How absurd can the following scenario be? We frequent restaurants which prepare their food using tap water all the while paying some exorbitant price for bottled water to drink with the meal. How much more of a duh moment could there be? The scenario is so incongruous that it is inconceivable to me how people have managed so to behave without experiencing some sort of brain contortion.
The same line of reasoning holds for coffee at Starbucks. The proof that I am intellectually bereft—if indeed I am—is that I have never ever been able to comprehend why so many have been willing to spend so much for a cup of coffee—and on nearly a daily basis no less. And please don’t tell me that it is the environment. That simply cannot be right.
For instance, I have noticed that people are flocking to the Starbucks coffee shops in Paris. And I am unable to see how the environment of a Starbucks shop is superior to the French cafés. Indeed, precisely what French cafés are known for is the fact that a person can spend hours at well-placed table consuming the drink that she or he purchased. There is nothing that Starbucks offers in Paris that tops that.
But even in the United States, where cafés of the French variety are common primarily in cities like New York, it remains incomprehensible to me that people have been willing to pay so much for what in effect is so very little. Besides, many regular customers of Starbucks purchase their coffee and take it with them. So, to begin with, these customers are not there to enjoy the lugubrious environment offered by a Starbucks shop.
So if you are selling oil and you see this sort of nonsense with respect to water and coffee, then sheer commonsense tells you that that oil prices need to go up. And that is what the purveyors of oil are doing. The explanation for this is so-called speculation. I don’t think for a moment that is the explanation. After all, if speculation were the explanation, then oil prices should have shot up years ago.
What I think, rather, is that the claim of speculation was found to be a convenient way to make sense to make sense of the sudden rise in oil prices to folks lacking in commonsense; and the mere fact that we have believed that explanation shows that the purveyors of oil got it just right.
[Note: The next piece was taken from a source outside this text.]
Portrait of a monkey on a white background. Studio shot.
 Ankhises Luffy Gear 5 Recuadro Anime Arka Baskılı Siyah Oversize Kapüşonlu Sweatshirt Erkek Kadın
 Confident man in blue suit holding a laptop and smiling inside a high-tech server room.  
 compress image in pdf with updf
The deeper point here, of course, is that commonsense has essentially gone out the window these days—as we see with so many things that people do. One of these is adults fighting with one another on what is known as Black Friday (the Friday after Thanksgiving) in order to procure a toy for a child. Another is the senseless spending that people do when clearly they do not have the means to purchase the things that, in the first place, they do not need. Or, what about folks camping out for days just to be the first to be a new gadget?
Some of the ways in which we who claim to be rational creatures have allowed ourselves to be manipulated are so transparent that they all but call into question our claim to being rational creatures.
It is in a society shorn of commonsense that oil prices have skyrockets in a way that makes no sense. And that, alas, is just the point. The soaring oil prices make no less sense than our paying $1.50 for 16 ounces of bottled water or $4 for a cup of Starbucks coffee. Alas, when we have proven ourselves to be so utterly gullible, then there is a very straightforward sense in which what we get is none other than what we deserve.
The prognosis can be put more poignantly, a people who can be so easily manipulated by rather transparent falsehoods cannot have much respect for themselves. We have become too blind to see that soaring oil prices have a lot to do with the moral reality that we have far too little respect for ourselves as is revealed by the massively stupid things that we routinely do.